* _Exercise directions_
Going from the line that contains "unity body bag（OU-2310）" through the last line of the records, set down each line again exactly, both included, with pictures left out.

* _Records shown_
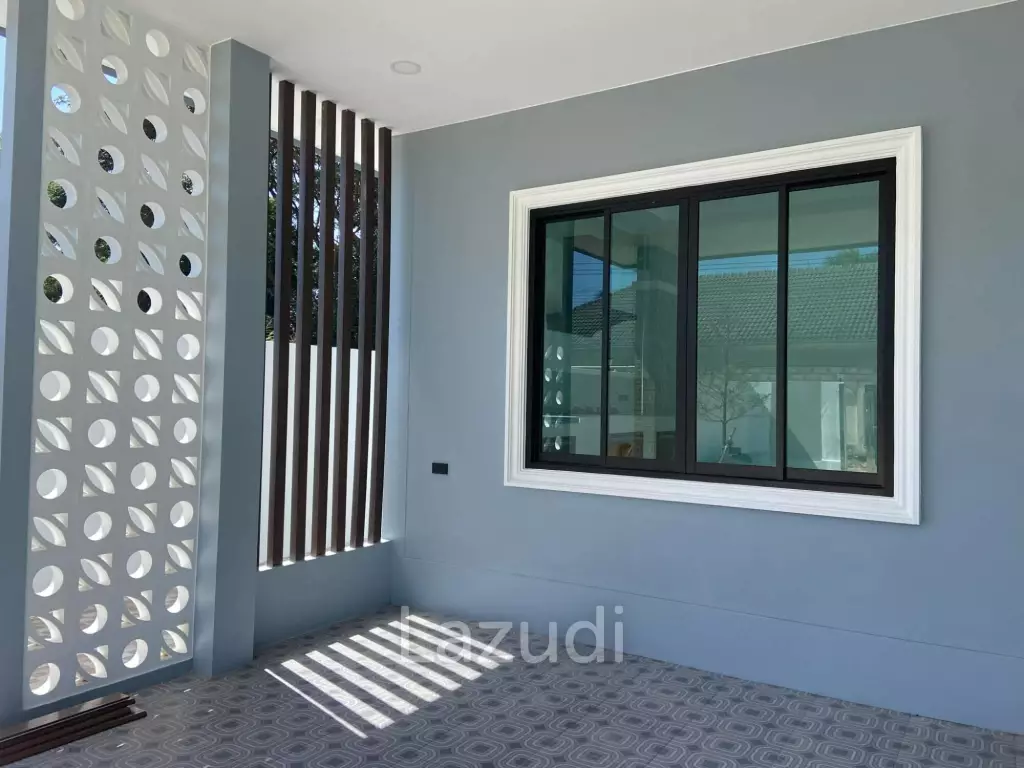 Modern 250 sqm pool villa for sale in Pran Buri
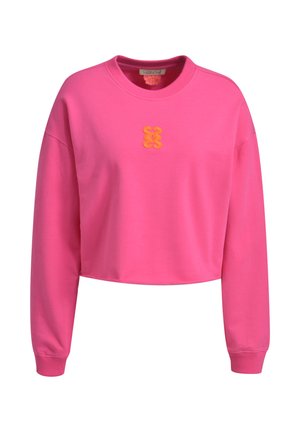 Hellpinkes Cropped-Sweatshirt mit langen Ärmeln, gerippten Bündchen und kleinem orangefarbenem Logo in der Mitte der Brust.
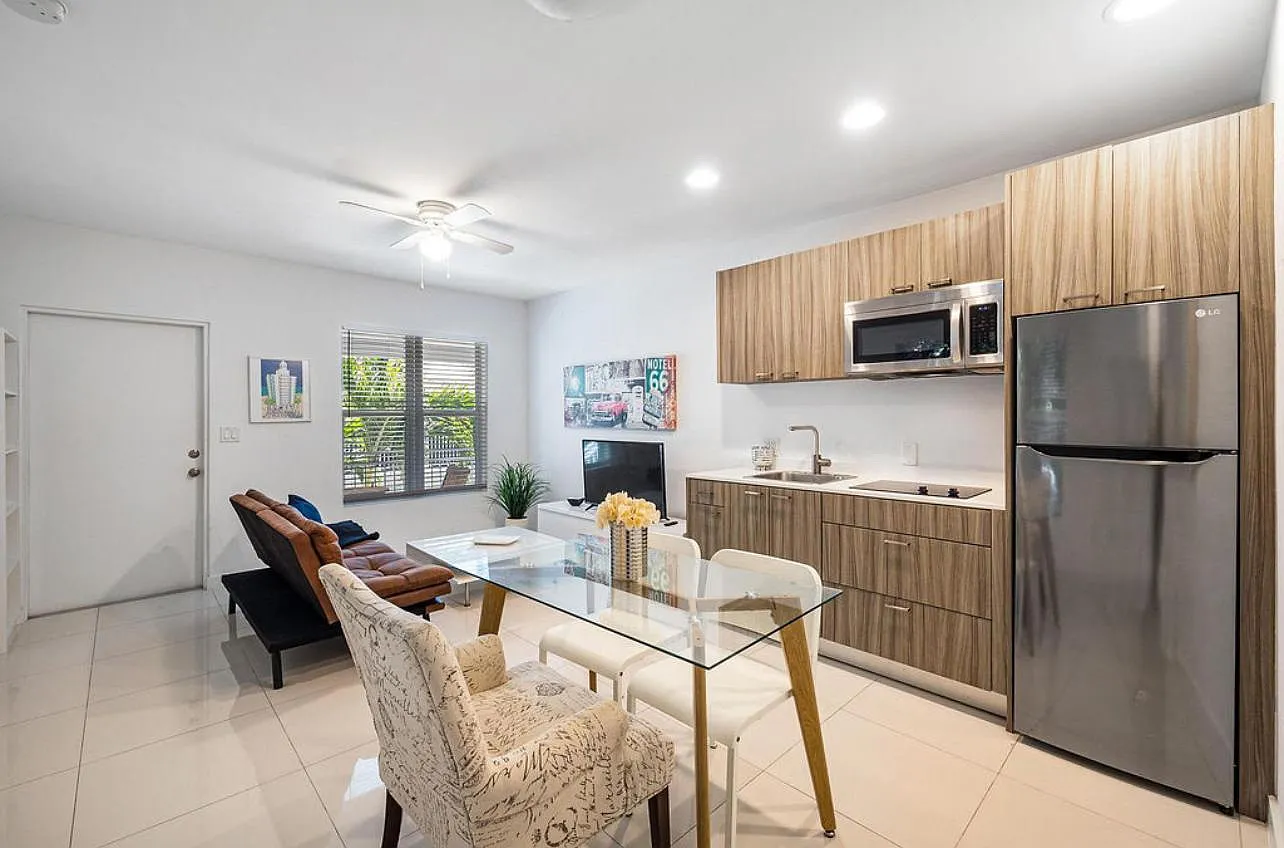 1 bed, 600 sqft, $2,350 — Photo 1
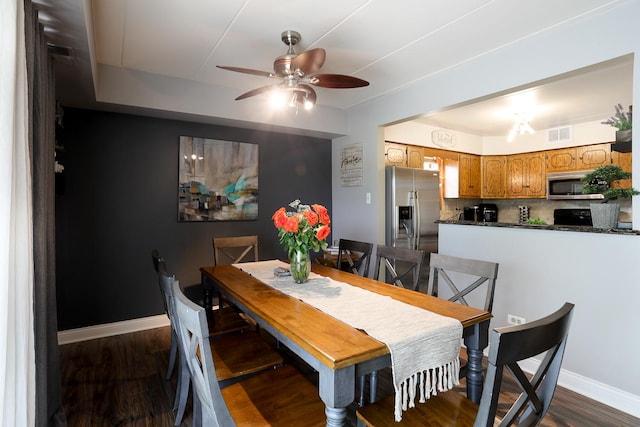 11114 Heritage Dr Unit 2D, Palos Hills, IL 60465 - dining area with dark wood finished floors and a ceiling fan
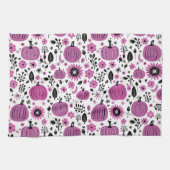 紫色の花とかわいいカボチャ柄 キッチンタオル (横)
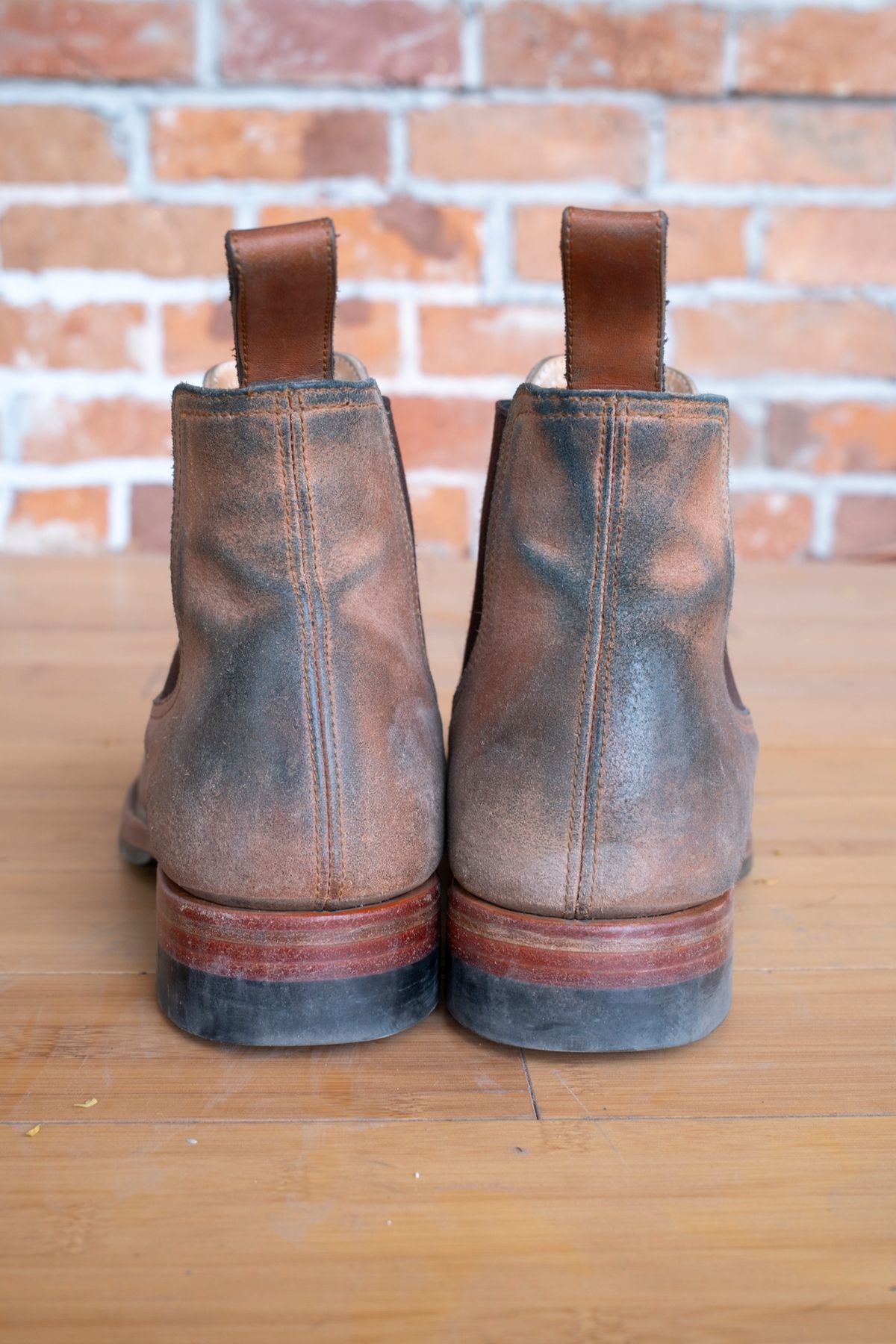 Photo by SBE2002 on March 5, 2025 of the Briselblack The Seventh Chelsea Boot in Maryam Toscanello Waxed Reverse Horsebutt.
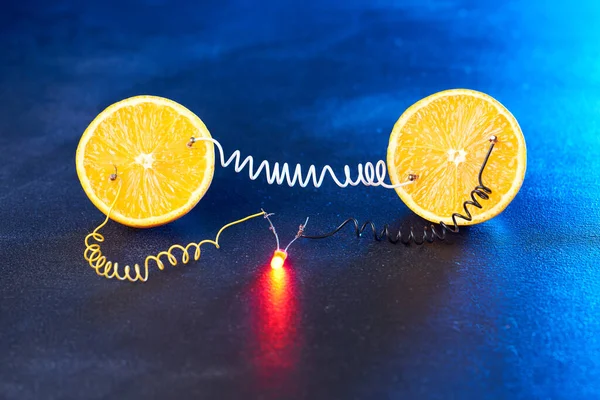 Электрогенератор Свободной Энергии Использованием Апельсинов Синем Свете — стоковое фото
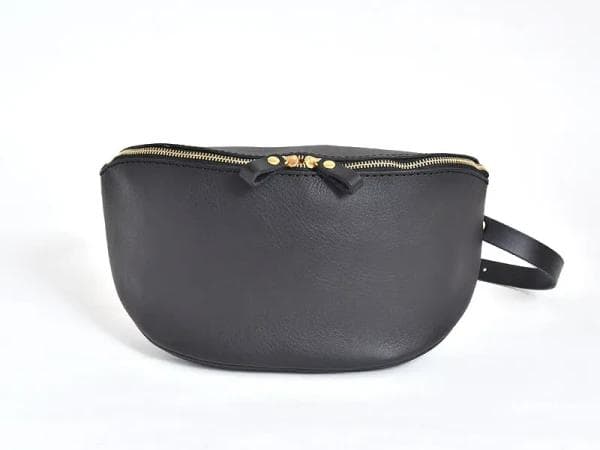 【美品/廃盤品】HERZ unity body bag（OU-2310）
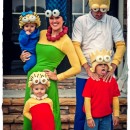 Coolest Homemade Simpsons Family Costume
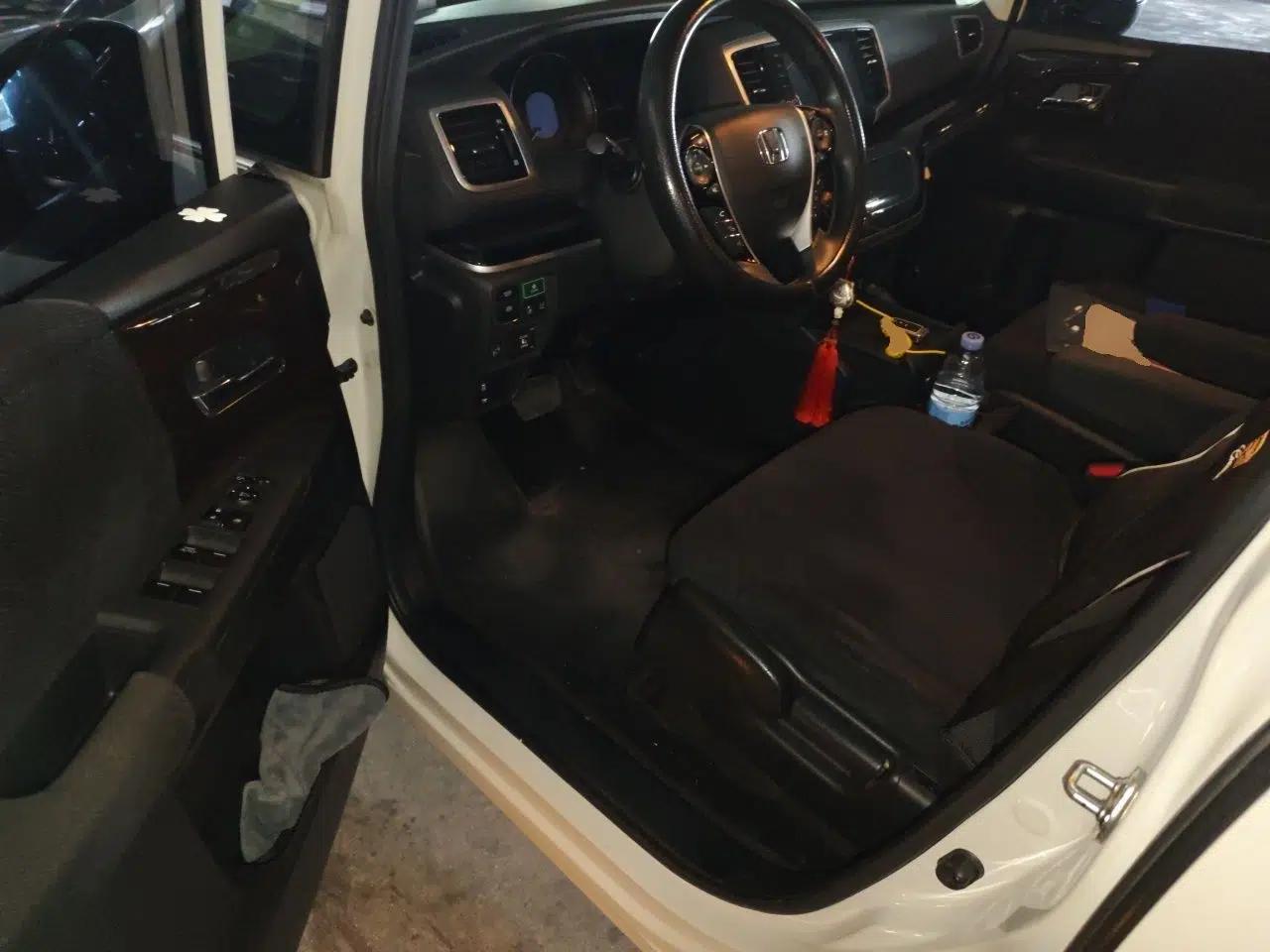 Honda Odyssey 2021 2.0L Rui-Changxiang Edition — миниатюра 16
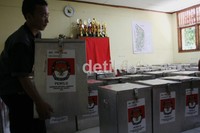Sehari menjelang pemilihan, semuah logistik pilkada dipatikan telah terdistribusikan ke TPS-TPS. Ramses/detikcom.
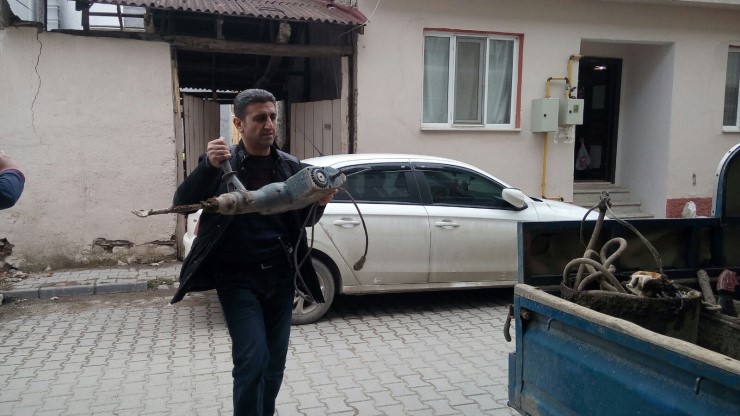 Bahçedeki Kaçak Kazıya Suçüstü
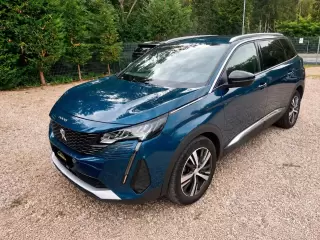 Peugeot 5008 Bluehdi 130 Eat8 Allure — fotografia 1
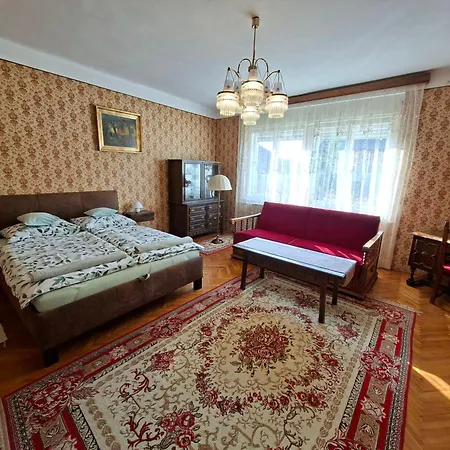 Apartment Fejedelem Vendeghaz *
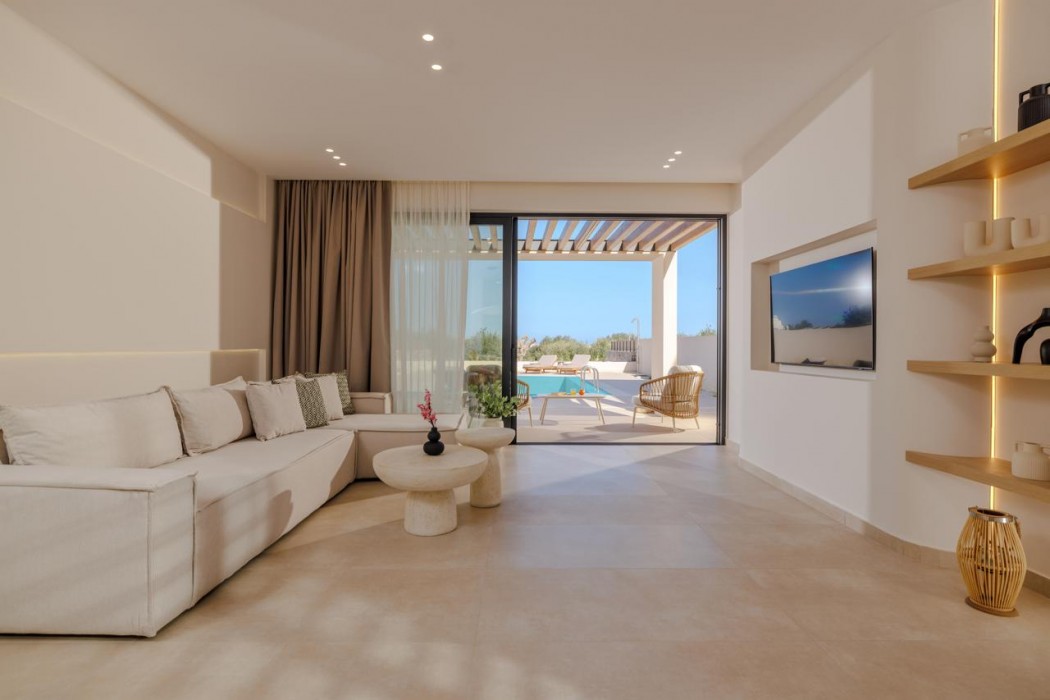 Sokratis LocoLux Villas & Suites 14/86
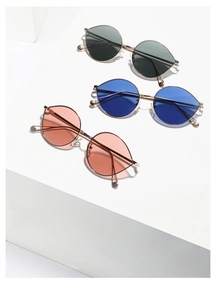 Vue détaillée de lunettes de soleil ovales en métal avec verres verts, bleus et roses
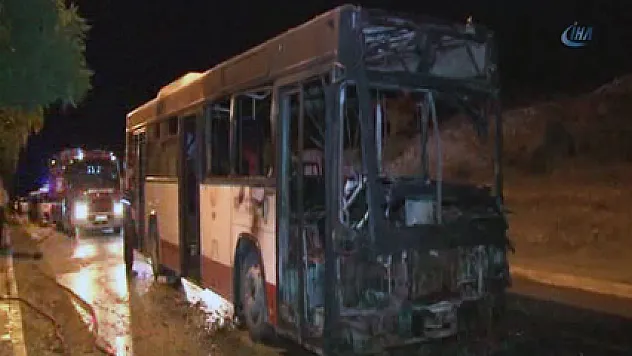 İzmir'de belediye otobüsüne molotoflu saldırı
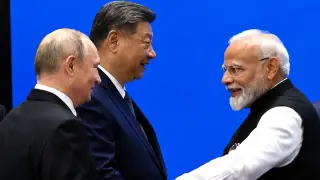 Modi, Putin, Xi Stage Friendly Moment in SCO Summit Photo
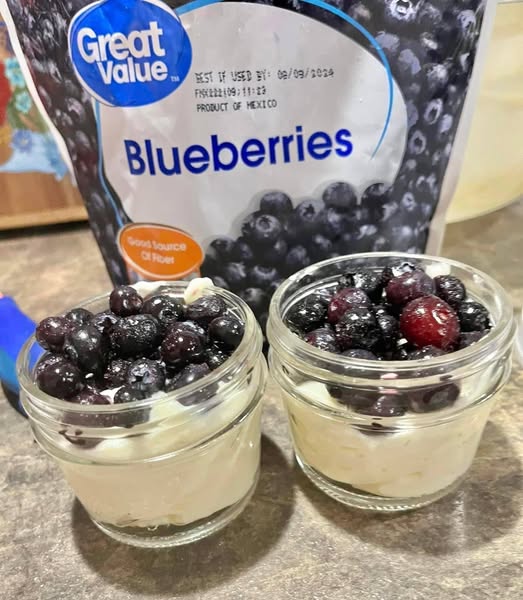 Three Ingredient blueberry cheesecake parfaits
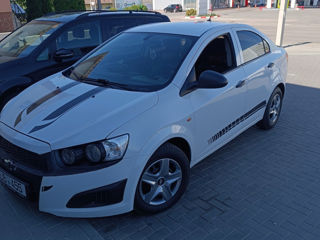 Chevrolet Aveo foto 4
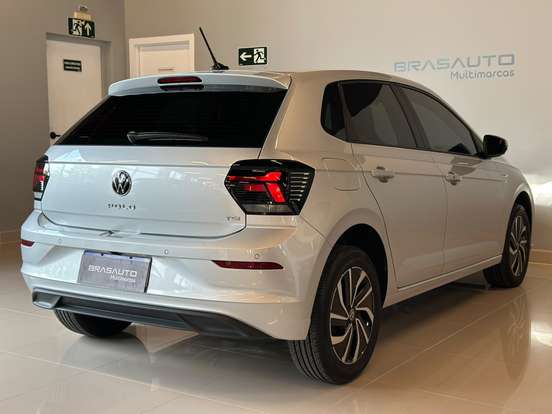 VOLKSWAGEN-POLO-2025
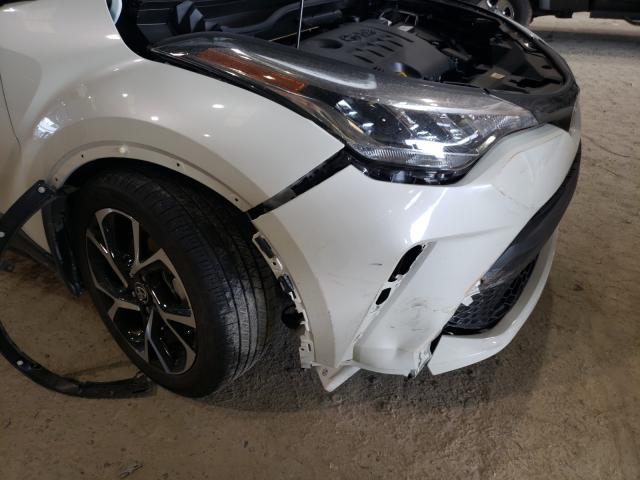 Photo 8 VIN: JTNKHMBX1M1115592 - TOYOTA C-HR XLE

* _Exercise output_
 【美品/廃盤品】HERZ unity body bag（OU-2310）
 Coolest Homemade Simpsons Family Costume
 Honda Odyssey 2021 2.0L Rui-Changxiang Edition — миниатюра 16
Sehari menjelang pemilihan, semuah logistik pilkada dipatikan telah terdistribusikan ke TPS-TPS. Ramses/detikcom.
 Bahçedeki Kaçak Kazıya Suçüstü
 Peugeot 5008 Bluehdi 130 Eat8 Allure — fotografia 1
 Apartment Fejedelem Vendeghaz *
 Sokratis LocoLux Villas & Suites 14/86
 Vue détaillée de lunettes de soleil ovales en métal avec verres verts, bleus et roses
 İzmir'de belediye otobüsüne molotoflu saldırı
 Modi, Putin, Xi Stage Friendly Moment in SCO Summit Photo
 Three Ingredient blueberry cheesecake parfaits
 Chevrolet Aveo foto 4
 VOLKSWAGEN-POLO-2025
 Photo 8 VIN: JTNKHMBX1M1115592 - TOYOTA C-HR XLE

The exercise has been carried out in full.